RECORDS:
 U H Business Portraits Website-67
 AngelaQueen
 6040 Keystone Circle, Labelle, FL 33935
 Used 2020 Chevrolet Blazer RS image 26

* * *

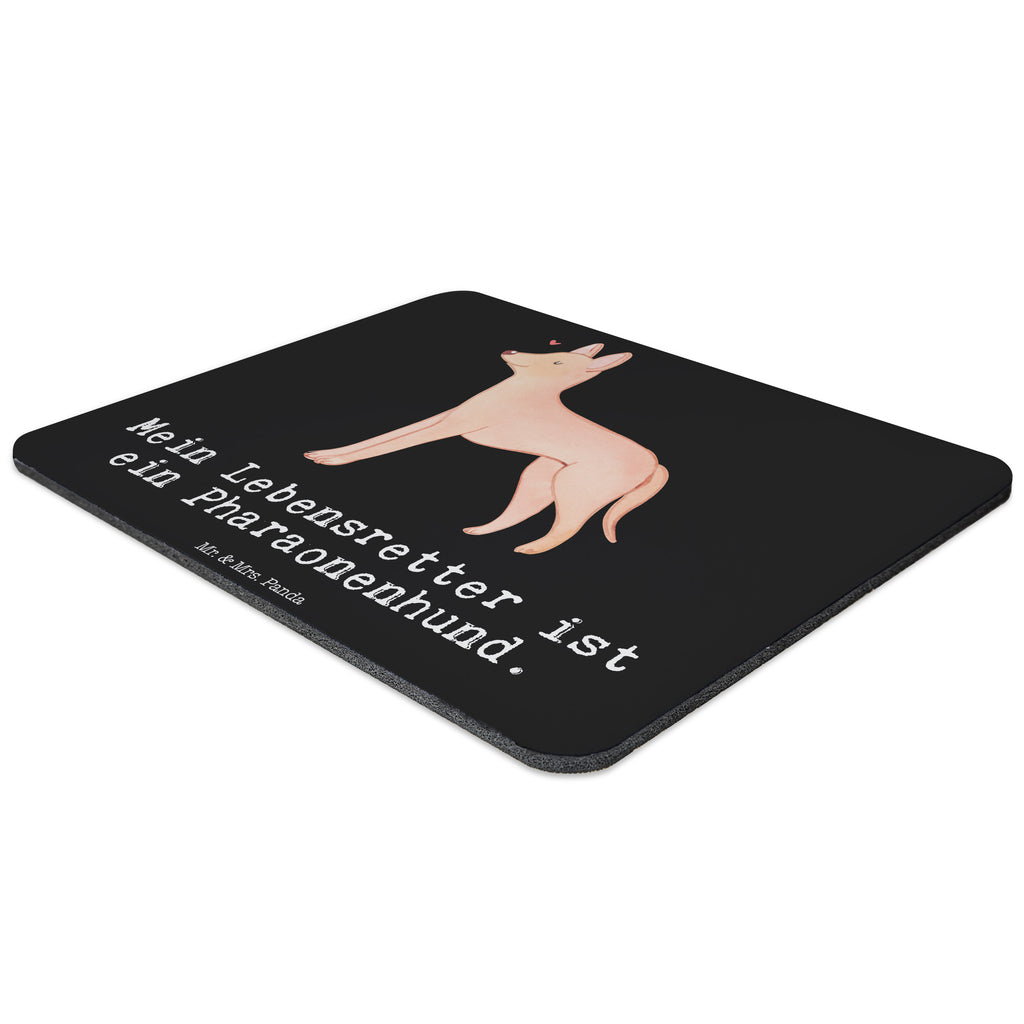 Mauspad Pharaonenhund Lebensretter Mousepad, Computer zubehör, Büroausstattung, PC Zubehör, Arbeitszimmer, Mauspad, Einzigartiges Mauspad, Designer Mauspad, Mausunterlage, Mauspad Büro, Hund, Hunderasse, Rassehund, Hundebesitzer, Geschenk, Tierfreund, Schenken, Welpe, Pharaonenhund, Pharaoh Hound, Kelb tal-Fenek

PROBLEM DESCRIPTION:
Going back over the entries above, copy word for word every line from the one that has "U H Business Portraits Website-67" on through the one that has "Used 2020 Chevrolet Blazer RS image 26".

TASK ANSWER:
 U H Business Portraits Website-67
 AngelaQueen
 6040 Keystone Circle, Labelle, FL 33935
 Used 2020 Chevrolet Blazer RS image 26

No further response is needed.